> **Exercise requirements**
All of the records must be restated exactly, with every line complete.

> **Records shown**
* * * *

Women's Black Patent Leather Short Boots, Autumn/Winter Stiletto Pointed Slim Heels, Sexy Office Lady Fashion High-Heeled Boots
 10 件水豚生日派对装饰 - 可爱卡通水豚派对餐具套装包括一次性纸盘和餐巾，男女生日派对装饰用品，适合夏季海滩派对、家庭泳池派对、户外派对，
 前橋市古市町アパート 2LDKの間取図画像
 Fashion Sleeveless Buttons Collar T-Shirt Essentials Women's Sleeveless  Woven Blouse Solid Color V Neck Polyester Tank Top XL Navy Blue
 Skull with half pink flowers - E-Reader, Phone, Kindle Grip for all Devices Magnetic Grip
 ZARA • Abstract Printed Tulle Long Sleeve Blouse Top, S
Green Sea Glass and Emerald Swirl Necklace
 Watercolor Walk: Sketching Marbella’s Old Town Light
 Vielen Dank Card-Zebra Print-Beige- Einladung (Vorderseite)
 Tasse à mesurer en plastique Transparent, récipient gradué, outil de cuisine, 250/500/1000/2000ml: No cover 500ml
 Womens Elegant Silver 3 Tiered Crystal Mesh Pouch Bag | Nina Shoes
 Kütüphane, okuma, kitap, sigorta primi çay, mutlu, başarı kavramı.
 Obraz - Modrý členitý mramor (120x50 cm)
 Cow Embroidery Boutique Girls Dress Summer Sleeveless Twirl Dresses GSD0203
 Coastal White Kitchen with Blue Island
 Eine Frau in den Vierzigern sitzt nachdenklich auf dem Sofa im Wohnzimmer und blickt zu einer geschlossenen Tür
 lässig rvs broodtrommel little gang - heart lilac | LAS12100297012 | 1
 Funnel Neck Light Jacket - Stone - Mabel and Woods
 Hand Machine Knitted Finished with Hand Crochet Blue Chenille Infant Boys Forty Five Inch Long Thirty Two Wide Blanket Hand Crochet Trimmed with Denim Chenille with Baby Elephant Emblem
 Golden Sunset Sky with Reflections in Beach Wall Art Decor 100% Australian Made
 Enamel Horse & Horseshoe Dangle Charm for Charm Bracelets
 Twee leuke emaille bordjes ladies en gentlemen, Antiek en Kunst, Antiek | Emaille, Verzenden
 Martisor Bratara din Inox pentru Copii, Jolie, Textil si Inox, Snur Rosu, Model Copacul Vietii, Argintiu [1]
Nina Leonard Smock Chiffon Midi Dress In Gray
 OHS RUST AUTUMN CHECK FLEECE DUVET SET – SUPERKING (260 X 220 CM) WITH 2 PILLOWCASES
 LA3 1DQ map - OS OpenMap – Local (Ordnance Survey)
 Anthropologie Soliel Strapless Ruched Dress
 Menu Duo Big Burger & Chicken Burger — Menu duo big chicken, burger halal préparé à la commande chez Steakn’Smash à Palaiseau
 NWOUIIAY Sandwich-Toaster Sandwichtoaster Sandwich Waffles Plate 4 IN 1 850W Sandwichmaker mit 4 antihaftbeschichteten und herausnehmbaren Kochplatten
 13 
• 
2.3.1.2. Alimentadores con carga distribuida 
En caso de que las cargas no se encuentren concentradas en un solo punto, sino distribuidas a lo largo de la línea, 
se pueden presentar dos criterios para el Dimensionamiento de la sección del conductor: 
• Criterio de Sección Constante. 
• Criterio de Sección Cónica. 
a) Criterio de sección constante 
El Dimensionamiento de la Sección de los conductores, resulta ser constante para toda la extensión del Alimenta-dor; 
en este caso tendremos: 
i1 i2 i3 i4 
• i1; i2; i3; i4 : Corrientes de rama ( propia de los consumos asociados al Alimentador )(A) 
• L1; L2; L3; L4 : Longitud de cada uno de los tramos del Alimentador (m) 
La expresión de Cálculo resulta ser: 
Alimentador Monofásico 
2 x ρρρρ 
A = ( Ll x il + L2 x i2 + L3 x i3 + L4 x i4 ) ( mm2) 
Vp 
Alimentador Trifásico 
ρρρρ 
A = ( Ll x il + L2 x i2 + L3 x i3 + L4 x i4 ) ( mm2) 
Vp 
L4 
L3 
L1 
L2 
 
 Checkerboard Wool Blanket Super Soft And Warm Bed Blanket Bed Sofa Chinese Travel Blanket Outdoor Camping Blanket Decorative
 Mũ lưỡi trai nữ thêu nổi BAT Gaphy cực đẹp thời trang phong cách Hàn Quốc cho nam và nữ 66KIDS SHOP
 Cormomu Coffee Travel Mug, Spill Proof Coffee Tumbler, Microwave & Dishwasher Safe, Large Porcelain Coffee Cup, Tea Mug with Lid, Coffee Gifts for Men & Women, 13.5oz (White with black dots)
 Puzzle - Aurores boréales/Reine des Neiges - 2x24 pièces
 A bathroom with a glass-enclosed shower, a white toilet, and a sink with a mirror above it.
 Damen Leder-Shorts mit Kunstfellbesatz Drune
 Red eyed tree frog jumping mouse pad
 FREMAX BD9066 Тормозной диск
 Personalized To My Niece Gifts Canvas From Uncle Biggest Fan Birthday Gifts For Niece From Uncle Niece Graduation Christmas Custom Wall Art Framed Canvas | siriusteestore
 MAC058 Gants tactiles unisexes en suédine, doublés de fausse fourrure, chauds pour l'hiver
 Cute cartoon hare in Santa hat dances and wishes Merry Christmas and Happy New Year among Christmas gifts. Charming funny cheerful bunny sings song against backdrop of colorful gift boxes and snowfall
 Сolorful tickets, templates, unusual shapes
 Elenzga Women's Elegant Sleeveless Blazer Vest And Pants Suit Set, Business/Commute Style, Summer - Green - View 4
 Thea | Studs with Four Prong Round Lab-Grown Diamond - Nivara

* * * *

> **Solution for this exercise**
Women's Black Patent Leather Short Boots, Autumn/Winter Stiletto Pointed Slim Heels, Sexy Office Lady Fashion High-Heeled Boots
 10 件水豚生日派对装饰 - 可爱卡通水豚派对餐具套装包括一次性纸盘和餐巾，男女生日派对装饰用品，适合夏季海滩派对、家庭泳池派对、户外派对，
 前橋市古市町アパート 2LDKの間取図画像
 Fashion Sleeveless Buttons Collar T-Shirt Essentials Women's Sleeveless  Woven Blouse Solid Color V Neck Polyester Tank Top XL Navy Blue
 Skull with half pink flowers - E-Reader, Phone, Kindle Grip for all Devices Magnetic Grip
 ZARA • Abstract Printed Tulle Long Sleeve Blouse Top, S
Green Sea Glass and Emerald Swirl Necklace
 Watercolor Walk: Sketching Marbella’s Old Town Light
 Vielen Dank Card-Zebra Print-Beige- Einladung (Vorderseite)
 Tasse à mesurer en plastique Transparent, récipient gradué, outil de cuisine, 250/500/1000/2000ml: No cover 500ml
 Womens Elegant Silver 3 Tiered Crystal Mesh Pouch Bag | Nina Shoes
 Kütüphane, okuma, kitap, sigorta primi çay, mutlu, başarı kavramı.
 Obraz - Modrý členitý mramor (120x50 cm)
 Cow Embroidery Boutique Girls Dress Summer Sleeveless Twirl Dresses GSD0203
 Coastal White Kitchen with Blue Island
 Eine Frau in den Vierzigern sitzt nachdenklich auf dem Sofa im Wohnzimmer und blickt zu einer geschlossenen Tür
 lässig rvs broodtrommel little gang - heart lilac | LAS12100297012 | 1
 Funnel Neck Light Jacket - Stone - Mabel and Woods
 Hand Machine Knitted Finished with Hand Crochet Blue Chenille Infant Boys Forty Five Inch Long Thirty Two Wide Blanket Hand Crochet Trimmed with Denim Chenille with Baby Elephant Emblem
 Golden Sunset Sky with Reflections in Beach Wall Art Decor 100% Australian Made
 Enamel Horse & Horseshoe Dangle Charm for Charm Bracelets
 Twee leuke emaille bordjes ladies en gentlemen, Antiek en Kunst, Antiek | Emaille, Verzenden
 Martisor Bratara din Inox pentru Copii, Jolie, Textil si Inox, Snur Rosu, Model Copacul Vietii, Argintiu [1]
Nina Leonard Smock Chiffon Midi Dress In Gray
 OHS RUST AUTUMN CHECK FLEECE DUVET SET – SUPERKING (260 X 220 CM) WITH 2 PILLOWCASES
 LA3 1DQ map - OS OpenMap – Local (Ordnance Survey)
 Anthropologie Soliel Strapless Ruched Dress
 Menu Duo Big Burger & Chicken Burger — Menu duo big chicken, burger halal préparé à la commande chez Steakn’Smash à Palaiseau
 NWOUIIAY Sandwich-Toaster Sandwichtoaster Sandwich Waffles Plate 4 IN 1 850W Sandwichmaker mit 4 antihaftbeschichteten und herausnehmbaren Kochplatten
 13 
• 
2.3.1.2. Alimentadores con carga distribuida 
En caso de que las cargas no se encuentren concentradas en un solo punto, sino distribuidas a lo largo de la línea, 
se pueden presentar dos criterios para el Dimensionamiento de la sección del conductor: 
• Criterio de Sección Constante. 
• Criterio de Sección Cónica. 
a) Criterio de sección constante 
El Dimensionamiento de la Sección de los conductores, resulta ser constante para toda la extensión del Alimenta-dor; 
en este caso tendremos: 
i1 i2 i3 i4 
• i1; i2; i3; i4 : Corrientes de rama ( propia de los consumos asociados al Alimentador )(A) 
• L1; L2; L3; L4 : Longitud de cada uno de los tramos del Alimentador (m) 
La expresión de Cálculo resulta ser: 
Alimentador Monofásico 
2 x ρρρρ 
A = ( Ll x il + L2 x i2 + L3 x i3 + L4 x i4 ) ( mm2) 
Vp 
Alimentador Trifásico 
ρρρρ 
A = ( Ll x il + L2 x i2 + L3 x i3 + L4 x i4 ) ( mm2) 
Vp 
L4 
L3 
L1 
L2 
 
 Checkerboard Wool Blanket Super Soft And Warm Bed Blanket Bed Sofa Chinese Travel Blanket Outdoor Camping Blanket Decorative
 Mũ lưỡi trai nữ thêu nổi BAT Gaphy cực đẹp thời trang phong cách Hàn Quốc cho nam và nữ 66KIDS SHOP
 Cormomu Coffee Travel Mug, Spill Proof Coffee Tumbler, Microwave & Dishwasher Safe, Large Porcelain Coffee Cup, Tea Mug with Lid, Coffee Gifts for Men & Women, 13.5oz (White with black dots)
 Puzzle - Aurores boréales/Reine des Neiges - 2x24 pièces
 A bathroom with a glass-enclosed shower, a white toilet, and a sink with a mirror above it.
 Damen Leder-Shorts mit Kunstfellbesatz Drune
 Red eyed tree frog jumping mouse pad
 FREMAX BD9066 Тормозной диск
 Personalized To My Niece Gifts Canvas From Uncle Biggest Fan Birthday Gifts For Niece From Uncle Niece Graduation Christmas Custom Wall Art Framed Canvas | siriusteestore
 MAC058 Gants tactiles unisexes en suédine, doublés de fausse fourrure, chauds pour l'hiver
 Cute cartoon hare in Santa hat dances and wishes Merry Christmas and Happy New Year among Christmas gifts. Charming funny cheerful bunny sings song against backdrop of colorful gift boxes and snowfall
 Сolorful tickets, templates, unusual shapes
 Elenzga Women's Elegant Sleeveless Blazer Vest And Pants Suit Set, Business/Commute Style, Summer - Green - View 4
 Thea | Studs with Four Prong Round Lab-Grown Diamond - Nivara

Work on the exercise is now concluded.